Words like “try.” Either you do something or you do not do something–trying to do something amounts to nothing. The fact that we tried to do something is entirely different and valuable to our experience but it cannot ever be construed to be the same thing as doing something. When we say we are going to “try” to do this or that–we are already starting with a defeatist attitude. Doing and not doing is what is important.
But today I want to talk about the phrase “common-sense.”
There never has been, never can be, and likely never will be “common-sense.”
I am not sure how this myth has taken such a hold on the way we look at things, but it is something we hear almost every day.
So let’s pick-on common-sense a bit and see if it is something we can choose to eliminate from our vocabulary.
Don’t get me wrong—I WISH with all my heart that there was such an animal. Unfortunately is a bit like relying on a Carrier Pigeon to take a message across the country for you—but at least Carrier Pigeons actually did exist once.
We can look up “common-sense” in the dictionary or Wikipedia and learn quite a bit about how this term has evolved and how it has been discussed by the brightest minds for hundreds of years. There has been a yearning to prove that there was such a thing, but all these discussions always seem to devolve into narrow thinking–thinking that comes closer to fitting the wishes of the thinker than anything universal.
The reality is that common-sense is more likely to promote all the social ills that we could also do so well without, than it will ever come to bringing us closer to a common way of thinking. Things like elitism, sexism, nationalism, racism and a host of other prejudices are supported by the concept of common-sense. For example the notion of what constitutes common-sense to a Muslim may be radically different than what constitutes common-sense to a Catholic, or a Protestant. And guess what, “miraculously,” each ones version is the correct one.
Interestingly enough, much of this thinking is devoid of “science.” After all, if what we say cannot be supported by science, by empirical evidence, tested over time—it is merely wishful thinking and fantasy–not common-sense. In this sense even widespread public “agreement” cannot be used to define common-sense. Scary perhaps, but this is the state of our current evolution–or as some would argue–devolution.
Common-sense is not what is missing in our world–what is missing is a yearning for scientific truth.
As near as I can tell, common-sense has zero chance of sorting out the differences of opinions between Muslims and Christians, or Republicans and Democrats.
If we are killing each other over things that cannot be figured out scientifically, that simply defines us all as idiots–savants or otherwise.

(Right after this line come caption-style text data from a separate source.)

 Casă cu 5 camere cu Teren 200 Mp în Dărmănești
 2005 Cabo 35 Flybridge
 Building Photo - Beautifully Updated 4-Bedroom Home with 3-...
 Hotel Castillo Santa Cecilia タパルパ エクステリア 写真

As a home inspector, I hear the phrase often when we are baffled as to how someone could install, build or remodel something so poorly. This is interesting in light of the fact almost nothing about house construction is common knowledge, in the sense that anyone was born knowing how to do it. Everything takes education, training—sometimes considerable amounts of education and training. So what is missing? Science. That is what education and training are—or at least can be.

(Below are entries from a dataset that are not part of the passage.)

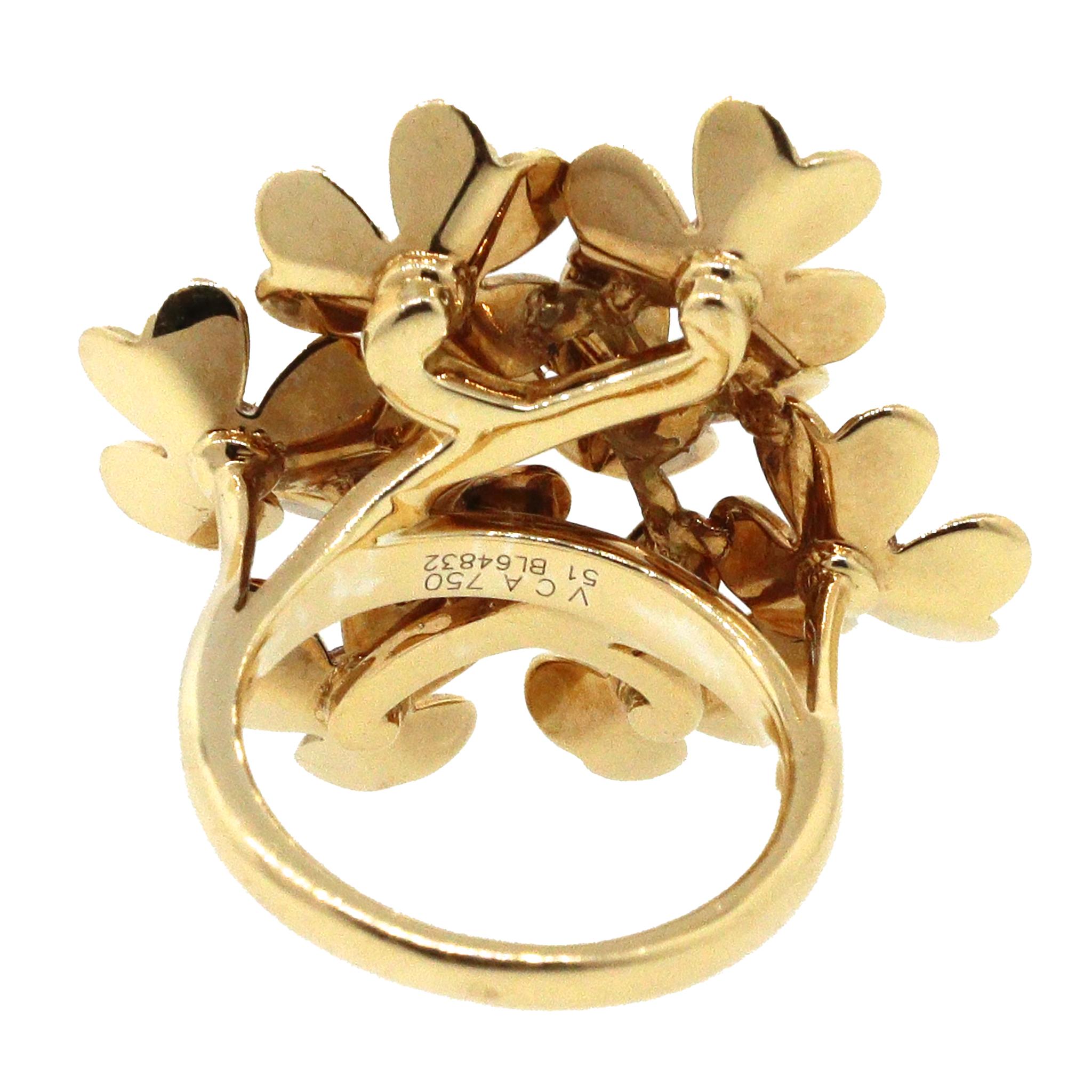 18 kt Yellow Gold
Diamond: 0.43 ct twd
Color: D
Clarity: VVS
Total Weight: 11.78 grams
Ring Size: 5.75
Mirror Polished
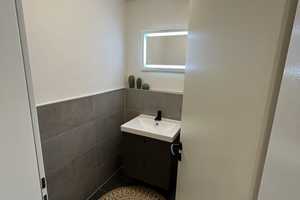 Ideal für Berufseinsteiger oder Studenten! Möbliertes Apartment – Rennesstraße 41, 91054 Erlangen – Vorschaubild 4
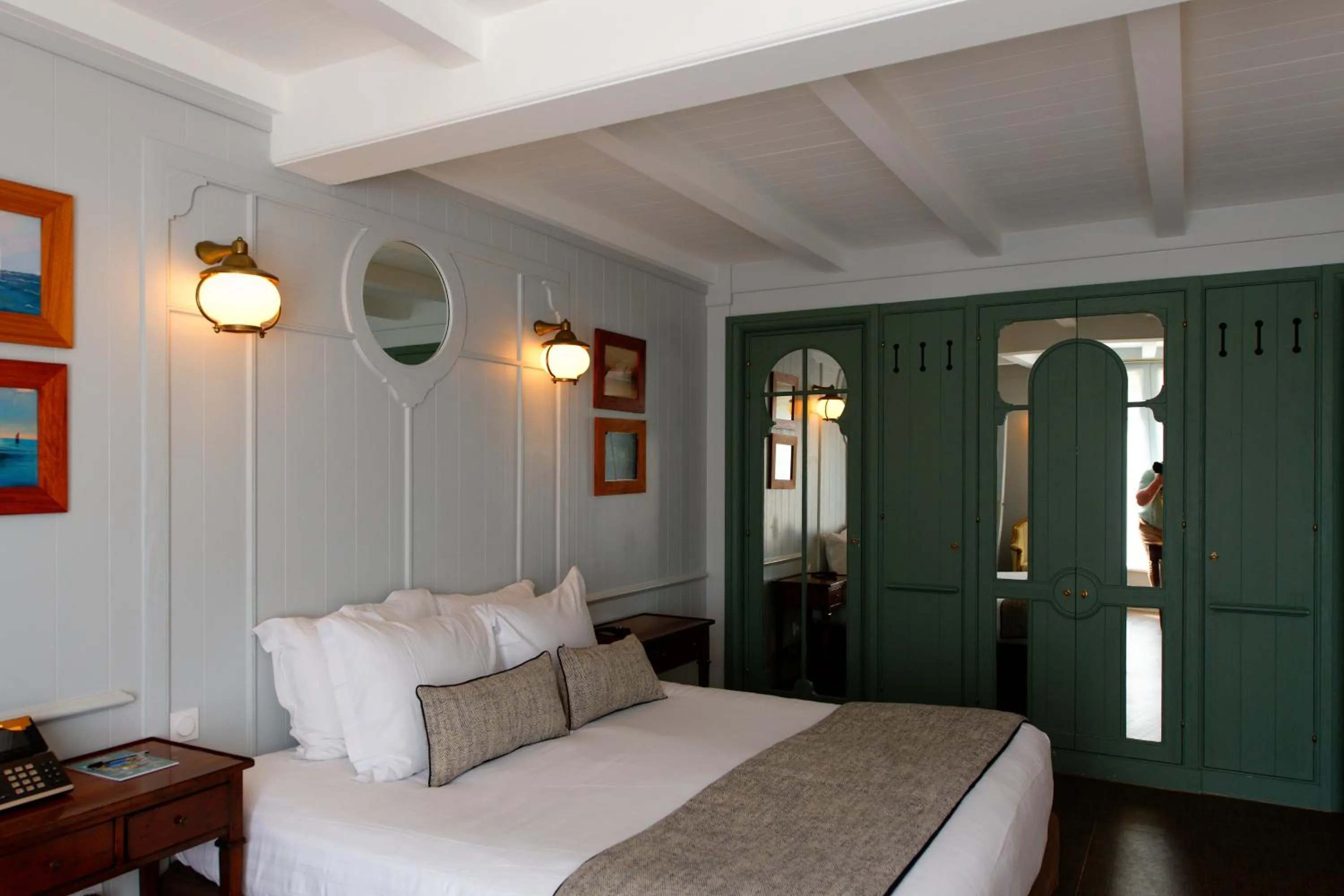 Photo of the whole room, Bed in HR Hôtel-Restaurant & Spa Marin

One of my favorite examples of both common-sense gone wrong, but also education and training gone wrong, is when how to build something is passed down from father to son to son to son. It becomes a matter of not only being the way the person has always done it but the way that person’s great, great grandfather did it as well. It matters little to this person that it does not meet code, or was even wrong back when great, great granddad did it. Mantras are like that.

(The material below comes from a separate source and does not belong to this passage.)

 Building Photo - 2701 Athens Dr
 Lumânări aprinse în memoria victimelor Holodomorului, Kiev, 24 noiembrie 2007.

The human brain seems to want things to be forever—this is the insidious goal of “common-sense.” Education and scientific thought allows for change as new information is learned—nothing is set in stone—but in an ideal world it is always going to be subject to scrutiny. We must always be willing to throw aside what no longer works and embrace what does. Common Sense is not flexible and we can see first hand the repercussions of this inflexibility all around the world.